Although state-level reforms are sharply limited by the expansive scope of FAA preemption,98 they can still provide consumers with protection from some of the most serious harm resulting from forced arbitration.

The National Consumer Law Center’s Model State Consumer and Employee Justice Enforcement Act99 provides model statutory language to implement ten possible state interventions to mitigate some of the harms of forced arbitration. Titles I and II of the model act seek to protect the state’s interest in enforcing laws that protect employees and consumers and in ensuring efficient contracting and procurement.

Title I provides a “whistleblower” enforcement mechanism under which whistleblowers can bring public enforcement actions to enforce worker and consumer protections on behalf of the state. This is consistent with a Ninth Circuit decision that the FAA does not preempt a state statute prohibiting the arbitrability of qui tam claims brought under California’s Private Attorney General Act (PAGA)—which include claims brought by private attorneys general to enforce state protections against unfair labor practices.100 Title I is modeled in part on California’s PAGA but extends its protections to consumers as well as employees, and it includes, importantly, certain safeguards that should protect it against FAA preemption even in less sympathetic jurisdictions.

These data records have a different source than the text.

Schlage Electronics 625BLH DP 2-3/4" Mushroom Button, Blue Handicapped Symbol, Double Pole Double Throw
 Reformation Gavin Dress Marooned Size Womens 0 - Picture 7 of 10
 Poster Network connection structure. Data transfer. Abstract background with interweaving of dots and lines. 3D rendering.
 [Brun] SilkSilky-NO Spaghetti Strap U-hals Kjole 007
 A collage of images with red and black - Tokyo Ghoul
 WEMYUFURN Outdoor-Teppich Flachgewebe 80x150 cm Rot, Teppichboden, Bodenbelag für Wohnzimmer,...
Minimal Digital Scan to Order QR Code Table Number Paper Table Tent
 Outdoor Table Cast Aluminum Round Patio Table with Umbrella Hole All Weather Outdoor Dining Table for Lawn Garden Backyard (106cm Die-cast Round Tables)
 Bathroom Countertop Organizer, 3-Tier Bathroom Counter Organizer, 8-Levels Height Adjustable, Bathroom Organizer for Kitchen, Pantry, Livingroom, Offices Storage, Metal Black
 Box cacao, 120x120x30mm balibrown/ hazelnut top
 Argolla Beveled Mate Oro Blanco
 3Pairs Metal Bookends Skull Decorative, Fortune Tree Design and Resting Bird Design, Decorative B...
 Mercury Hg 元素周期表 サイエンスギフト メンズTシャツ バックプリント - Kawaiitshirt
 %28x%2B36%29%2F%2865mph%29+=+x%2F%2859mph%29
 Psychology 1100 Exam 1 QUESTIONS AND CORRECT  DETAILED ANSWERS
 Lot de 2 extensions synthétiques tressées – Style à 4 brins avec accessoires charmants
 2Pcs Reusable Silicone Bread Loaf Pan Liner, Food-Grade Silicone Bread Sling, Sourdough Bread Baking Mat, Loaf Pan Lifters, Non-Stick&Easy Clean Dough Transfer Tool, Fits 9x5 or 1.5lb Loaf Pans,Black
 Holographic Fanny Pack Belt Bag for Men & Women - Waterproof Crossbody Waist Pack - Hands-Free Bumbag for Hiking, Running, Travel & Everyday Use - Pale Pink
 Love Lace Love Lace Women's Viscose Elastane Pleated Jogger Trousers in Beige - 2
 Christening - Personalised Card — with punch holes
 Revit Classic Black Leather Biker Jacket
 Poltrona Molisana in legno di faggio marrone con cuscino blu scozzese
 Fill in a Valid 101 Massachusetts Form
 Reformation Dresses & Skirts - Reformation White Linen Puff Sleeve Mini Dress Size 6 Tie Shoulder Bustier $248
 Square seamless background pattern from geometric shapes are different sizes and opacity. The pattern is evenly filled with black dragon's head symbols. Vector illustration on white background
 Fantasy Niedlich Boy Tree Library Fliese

Title II prohibits state contractors from enforcing forced arbitration agreements against any of their consumers and employees. Title III requires that merchants and employers provide clear notice of all material terms in language that the consumer or employee can understand. For consumer contracts, Title III also requires that material terms be included in a single document.

Title IV sets out types of contractual terms related to dispute resolution found in form contracts between an individual and the drafter of the contract that are presumptively unconscionable, including, among others, terms requiring the individual to waive substantive rights or to resolve her dispute in a far-off forum. The Title creates a presumption that such terms are not severable from the arbitration agreement and makes the inclusion of such terms in a standard form contract an unfair and deceptive practice under state law.

Title V amounts to a catch-all provision that prohibits the enforcement of forced arbitration clauses in employment and consumer contracts that are not covered by the Federal Arbitration Act, including in contracts for insurance and in employment contracts for transportation workers. Title VI does not regulate private arbitration agreements but instead requires private companies that administer arbitrations to disclose certain data.

Title VII removes the jurisdiction of appellate courts to consider appeals from denials of motions to compel arbitration. It thereby ensures that employers and merchants are not able to force a plaintiff into costly and prolonged litigation regarding the applicability of an arbitration clause that a court has declined to enforce.

Title VIII would prevent arbitration administrators from allowing a respondent to stall an arbitration by refusing to pay. Title IX would ensure that an arbitration clause in a contract of adhesion cannot be held procedurally conscionable solely because it contains an opt-out provision.

Title X would clarify that in the context of an adhesion contract, when deciding whether to sever unconscionable terms or refuse to enforce a contract containing unconscionable terms in its entirety, the court should consider, among other things, whether severing the terms would create an incentive for drafters to include such terms in contracts and whether the unconscionable terms would create an in terrorem effect on the non-drafting party.